Description of the task:
Beginning with the line below that contains "Foggy+ Stainless Steel" and ending with the line that contains "BibiCola Kids Clothes", retype every line exactly. Pictures are not copied.

Material for this task:

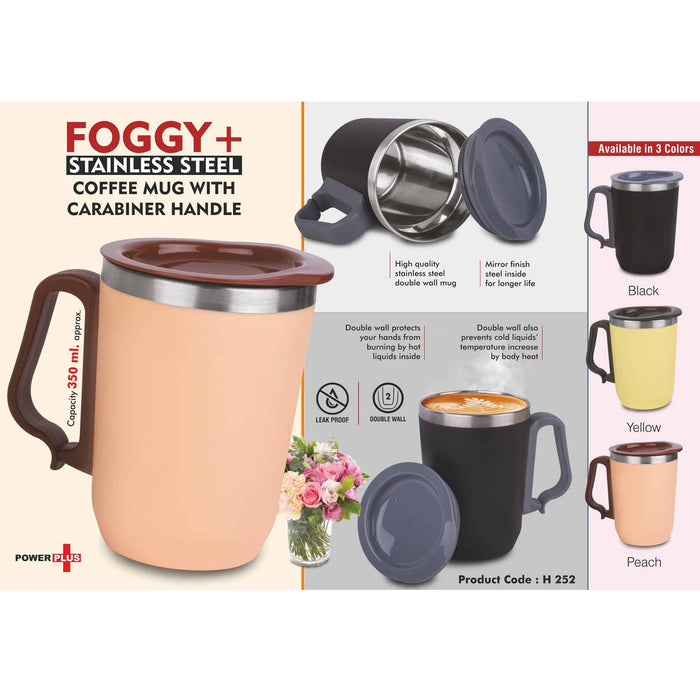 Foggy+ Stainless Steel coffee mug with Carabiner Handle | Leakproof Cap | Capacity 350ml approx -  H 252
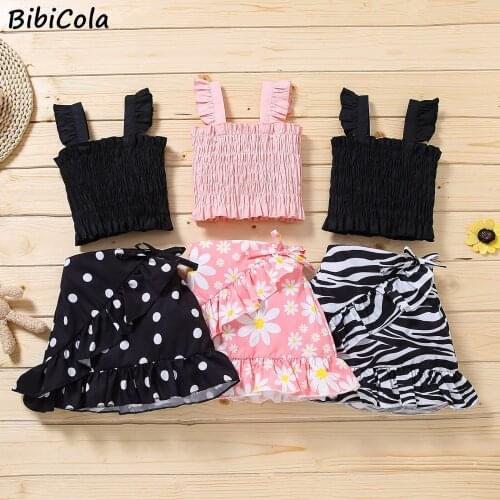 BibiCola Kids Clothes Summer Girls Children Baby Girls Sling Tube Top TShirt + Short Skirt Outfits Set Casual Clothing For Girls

...

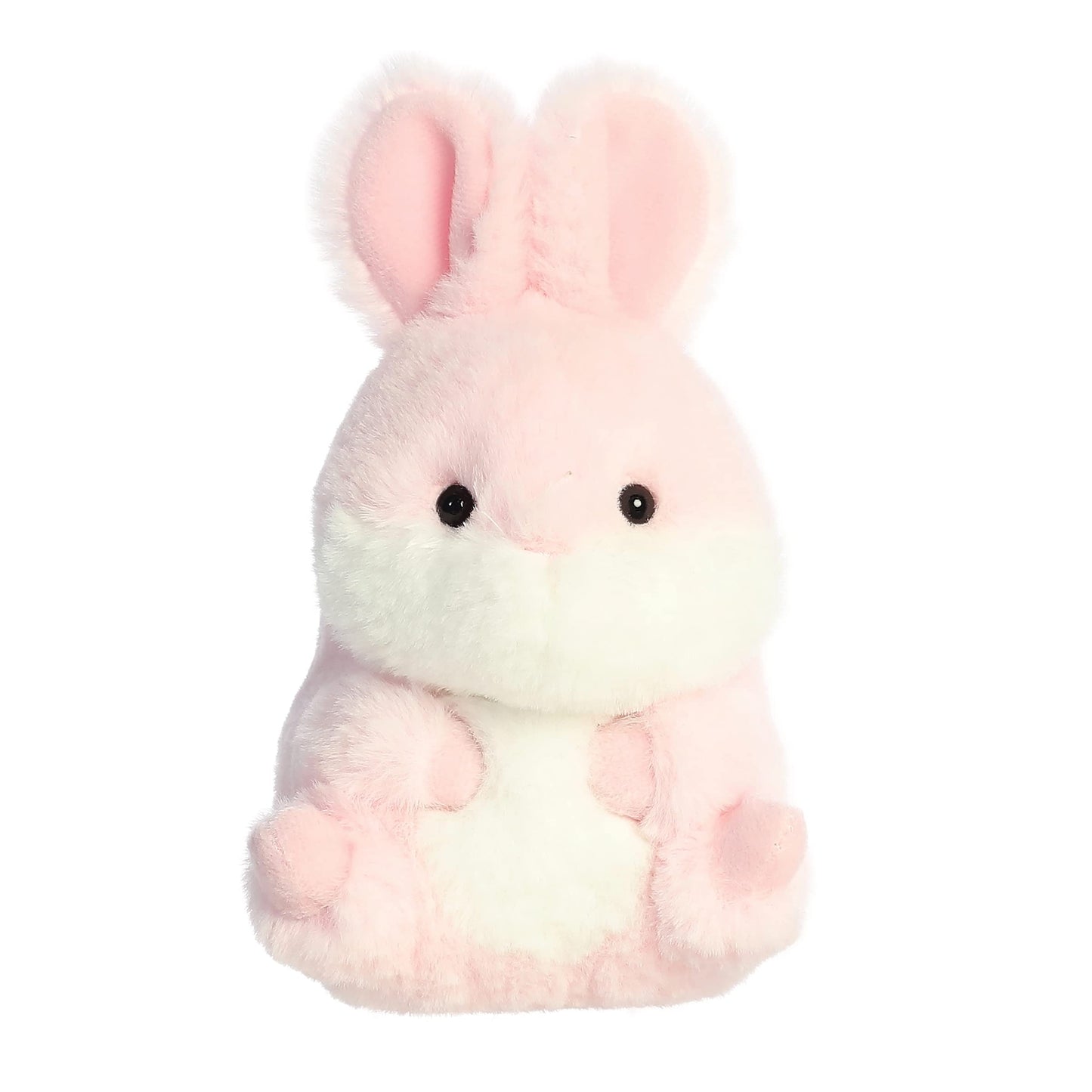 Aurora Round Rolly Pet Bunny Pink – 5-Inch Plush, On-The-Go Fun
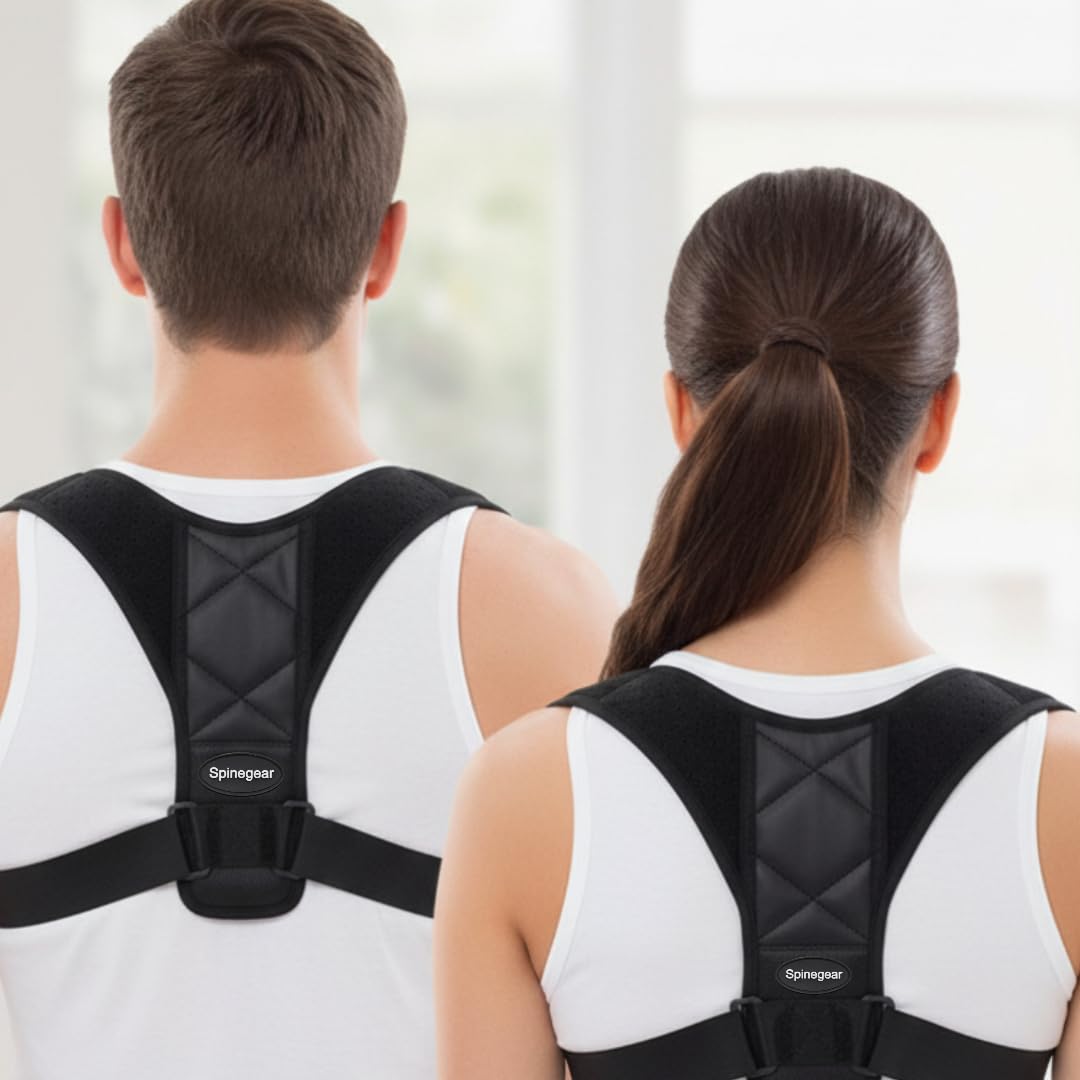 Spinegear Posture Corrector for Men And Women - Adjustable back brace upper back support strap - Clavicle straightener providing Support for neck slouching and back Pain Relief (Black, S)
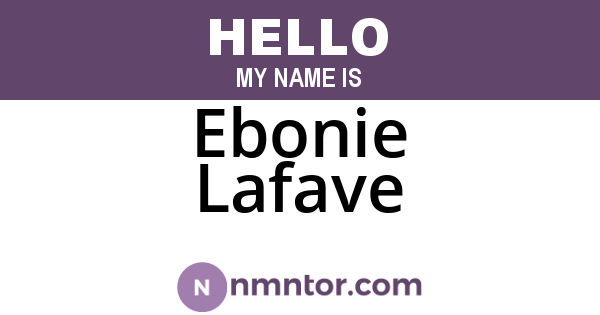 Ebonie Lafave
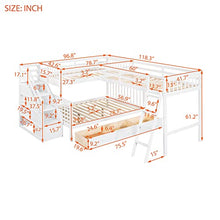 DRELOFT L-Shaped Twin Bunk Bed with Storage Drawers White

---

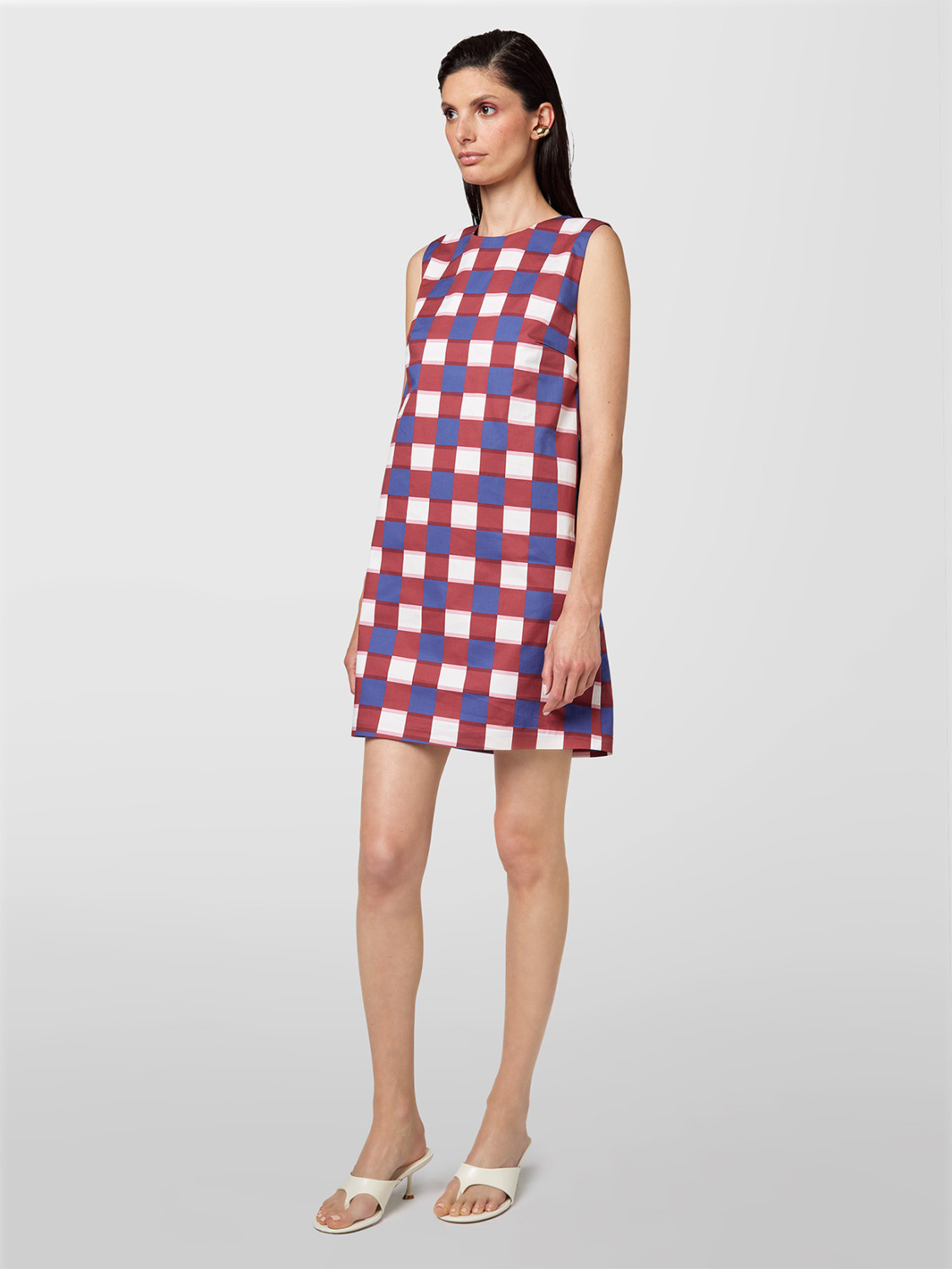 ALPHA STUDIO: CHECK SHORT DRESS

Output for this task:
 Foggy+ Stainless Steel coffee mug with Carabiner Handle | Leakproof Cap | Capacity 350ml approx -  H 252
 BibiCola Kids Clothes Summer Girls Children Baby Girls Sling Tube Top TShirt + Short Skirt Outfits Set Casual Clothing For Girls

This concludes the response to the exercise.